Dandelion Wine

Having tried Dandelion wine for the first time this year, I decided to try making it! As the dandelions started to come out in full force I read up on how to make it and found a densely covered field to pick from. You need about an equal amount of petals to water to make wine so depending on how much you are making harvest can be the most time consuming part.

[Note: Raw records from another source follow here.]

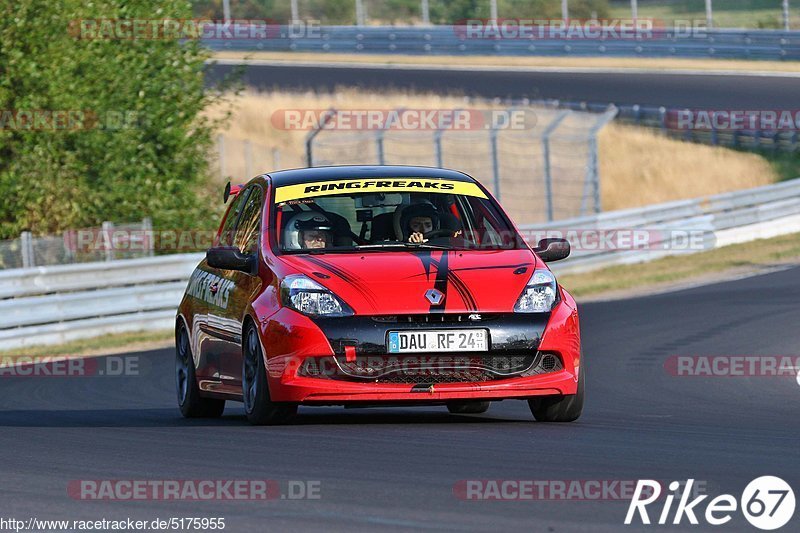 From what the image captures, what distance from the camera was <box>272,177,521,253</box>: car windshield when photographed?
9398 mm

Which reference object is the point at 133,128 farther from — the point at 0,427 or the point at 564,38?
the point at 564,38

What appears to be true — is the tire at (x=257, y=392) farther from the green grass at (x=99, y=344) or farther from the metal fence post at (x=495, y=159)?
the metal fence post at (x=495, y=159)

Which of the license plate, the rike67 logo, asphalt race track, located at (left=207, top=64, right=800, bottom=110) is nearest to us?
the rike67 logo

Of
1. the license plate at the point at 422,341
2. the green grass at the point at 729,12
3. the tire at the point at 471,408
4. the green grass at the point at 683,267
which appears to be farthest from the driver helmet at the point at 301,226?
the green grass at the point at 729,12

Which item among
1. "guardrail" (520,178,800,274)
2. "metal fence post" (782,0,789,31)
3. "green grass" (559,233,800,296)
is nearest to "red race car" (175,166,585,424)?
"green grass" (559,233,800,296)

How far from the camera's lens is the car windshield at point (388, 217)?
30.8 feet

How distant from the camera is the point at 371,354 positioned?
8430 mm

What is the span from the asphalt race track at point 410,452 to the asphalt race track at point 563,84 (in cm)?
2757

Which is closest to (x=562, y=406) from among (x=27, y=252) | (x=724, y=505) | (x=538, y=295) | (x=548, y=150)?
(x=538, y=295)

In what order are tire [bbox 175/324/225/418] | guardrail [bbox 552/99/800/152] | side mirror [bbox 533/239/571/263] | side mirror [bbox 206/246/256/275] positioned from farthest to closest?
guardrail [bbox 552/99/800/152]
tire [bbox 175/324/225/418]
side mirror [bbox 533/239/571/263]
side mirror [bbox 206/246/256/275]

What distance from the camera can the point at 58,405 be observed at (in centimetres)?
1251

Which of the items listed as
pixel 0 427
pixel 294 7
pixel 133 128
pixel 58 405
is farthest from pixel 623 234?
pixel 294 7

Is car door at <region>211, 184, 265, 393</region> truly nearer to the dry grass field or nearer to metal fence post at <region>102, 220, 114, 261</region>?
metal fence post at <region>102, 220, 114, 261</region>

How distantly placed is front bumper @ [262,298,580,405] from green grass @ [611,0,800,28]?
130 feet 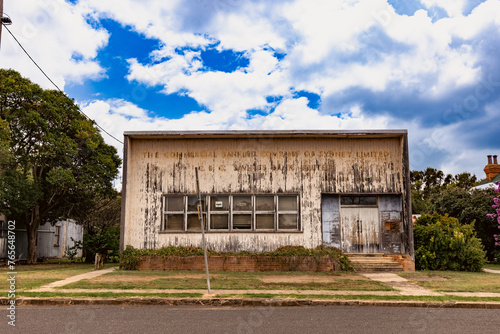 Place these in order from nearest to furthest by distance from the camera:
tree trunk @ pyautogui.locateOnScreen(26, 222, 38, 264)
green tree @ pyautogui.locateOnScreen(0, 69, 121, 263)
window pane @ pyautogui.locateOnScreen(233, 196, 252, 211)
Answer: window pane @ pyautogui.locateOnScreen(233, 196, 252, 211), green tree @ pyautogui.locateOnScreen(0, 69, 121, 263), tree trunk @ pyautogui.locateOnScreen(26, 222, 38, 264)

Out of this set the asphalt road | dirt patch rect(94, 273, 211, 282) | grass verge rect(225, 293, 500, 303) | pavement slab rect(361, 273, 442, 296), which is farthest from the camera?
dirt patch rect(94, 273, 211, 282)

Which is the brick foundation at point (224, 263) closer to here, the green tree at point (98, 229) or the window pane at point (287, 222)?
the window pane at point (287, 222)

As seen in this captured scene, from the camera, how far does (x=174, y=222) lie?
17484mm

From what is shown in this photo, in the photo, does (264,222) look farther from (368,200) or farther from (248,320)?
(248,320)

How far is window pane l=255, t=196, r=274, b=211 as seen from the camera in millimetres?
17547

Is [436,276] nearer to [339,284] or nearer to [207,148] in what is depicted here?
[339,284]

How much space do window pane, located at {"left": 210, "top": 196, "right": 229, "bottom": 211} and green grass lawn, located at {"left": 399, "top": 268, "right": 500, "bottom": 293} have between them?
22.4 feet

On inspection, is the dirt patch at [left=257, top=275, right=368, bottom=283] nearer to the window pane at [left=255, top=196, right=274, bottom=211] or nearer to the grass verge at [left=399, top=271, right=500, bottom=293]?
the grass verge at [left=399, top=271, right=500, bottom=293]

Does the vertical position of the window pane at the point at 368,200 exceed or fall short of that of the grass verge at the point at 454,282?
it exceeds it

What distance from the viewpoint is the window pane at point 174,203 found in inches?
690

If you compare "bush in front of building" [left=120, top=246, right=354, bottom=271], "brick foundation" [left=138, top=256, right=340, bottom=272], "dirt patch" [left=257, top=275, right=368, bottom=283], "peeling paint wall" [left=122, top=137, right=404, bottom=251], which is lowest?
"dirt patch" [left=257, top=275, right=368, bottom=283]

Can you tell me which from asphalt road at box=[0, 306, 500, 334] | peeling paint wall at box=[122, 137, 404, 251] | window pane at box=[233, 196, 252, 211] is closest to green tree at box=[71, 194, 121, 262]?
peeling paint wall at box=[122, 137, 404, 251]

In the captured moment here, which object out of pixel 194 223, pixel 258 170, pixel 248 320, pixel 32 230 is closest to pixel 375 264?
pixel 258 170

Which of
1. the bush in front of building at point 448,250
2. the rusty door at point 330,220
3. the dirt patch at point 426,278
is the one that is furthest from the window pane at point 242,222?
Result: the bush in front of building at point 448,250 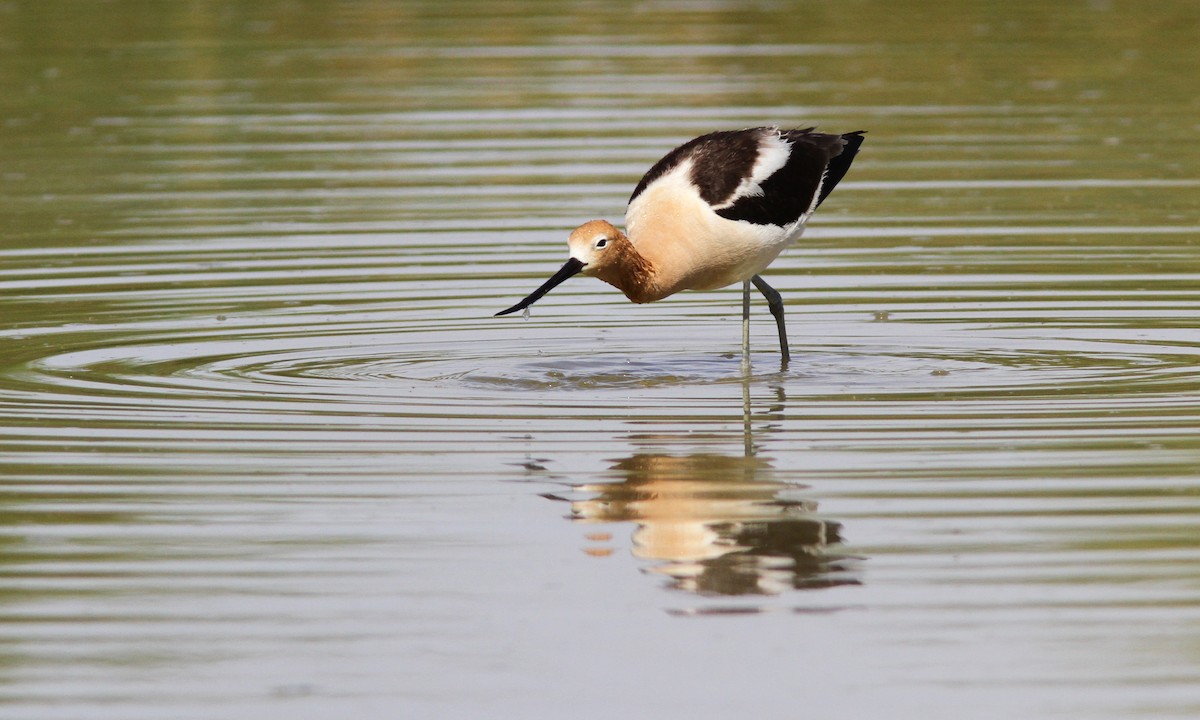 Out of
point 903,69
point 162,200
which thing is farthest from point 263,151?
point 903,69

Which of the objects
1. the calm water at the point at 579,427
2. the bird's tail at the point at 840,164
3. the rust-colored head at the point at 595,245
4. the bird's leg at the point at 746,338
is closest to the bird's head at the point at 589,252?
the rust-colored head at the point at 595,245

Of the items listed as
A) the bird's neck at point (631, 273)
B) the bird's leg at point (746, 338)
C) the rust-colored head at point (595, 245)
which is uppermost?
the rust-colored head at point (595, 245)

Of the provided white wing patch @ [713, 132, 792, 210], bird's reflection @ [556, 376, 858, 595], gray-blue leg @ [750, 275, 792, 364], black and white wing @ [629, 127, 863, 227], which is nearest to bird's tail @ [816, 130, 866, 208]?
black and white wing @ [629, 127, 863, 227]

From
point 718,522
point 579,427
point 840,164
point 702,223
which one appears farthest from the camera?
point 840,164

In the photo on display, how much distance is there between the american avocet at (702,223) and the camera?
1070 cm

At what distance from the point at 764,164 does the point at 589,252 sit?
55.1 inches

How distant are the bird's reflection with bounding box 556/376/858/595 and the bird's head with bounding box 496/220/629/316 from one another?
4.64 feet

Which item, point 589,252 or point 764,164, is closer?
point 589,252

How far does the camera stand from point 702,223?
10.9 metres

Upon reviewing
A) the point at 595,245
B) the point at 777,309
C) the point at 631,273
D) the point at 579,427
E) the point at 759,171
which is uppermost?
the point at 759,171

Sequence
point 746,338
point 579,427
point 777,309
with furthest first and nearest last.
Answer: point 777,309, point 746,338, point 579,427

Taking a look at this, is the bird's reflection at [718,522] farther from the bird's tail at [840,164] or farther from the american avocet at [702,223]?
the bird's tail at [840,164]

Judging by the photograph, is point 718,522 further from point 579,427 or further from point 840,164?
point 840,164

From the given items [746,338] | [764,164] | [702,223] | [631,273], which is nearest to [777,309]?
[746,338] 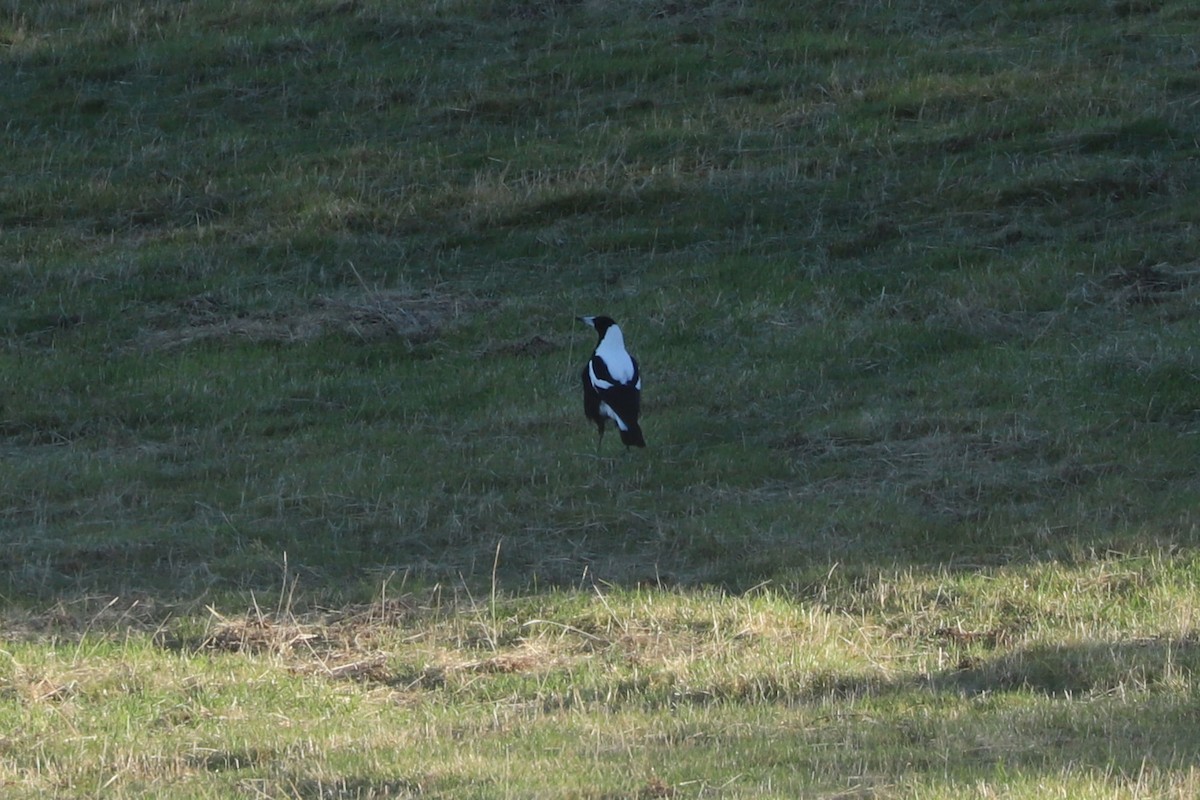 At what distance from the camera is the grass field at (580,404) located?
6.84 meters

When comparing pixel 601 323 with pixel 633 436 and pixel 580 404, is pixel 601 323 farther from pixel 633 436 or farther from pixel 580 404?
pixel 633 436

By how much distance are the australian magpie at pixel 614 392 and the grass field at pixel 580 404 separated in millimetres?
215

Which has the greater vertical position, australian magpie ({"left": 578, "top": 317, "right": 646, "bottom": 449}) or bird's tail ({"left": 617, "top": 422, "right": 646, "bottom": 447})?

There were two of us picking. I think we spent about eight man-hours picking. We collected about 22 litres worth of petals (you have to pull them off the green part). To ferment you need to pour boiling water into the petals, add various ingredients from lemon juice, rind, raisins, berries (if using no yeast to attract wild yeasts) and sugar. We decided to use champagne yeast for the first time even though I like the idea of attracting wild yeast from the air better. Next year if I do it again I will try wild yeasts.Β 

We mixed up our concoction, let it cool down and then mixed the yeast in. After four days of fermentation exposed to the air we then strained the petals out and put our wine in pseudo carboys: big water jugs. We also made an “airlock” with plastic wrap tightened over the mouth and a hole poked in it. I don’t like the idea of our wine sitting in plastic for a few months, so I am in the process of looking for real glass carboys, but we made do with what we had available to us at the time.

Now only time will tell if our wine will be good or not! It will sit in the carboys for at least three months until we bottle it. Then it should sit for three more months and ideally up to a year before it will be fully developed.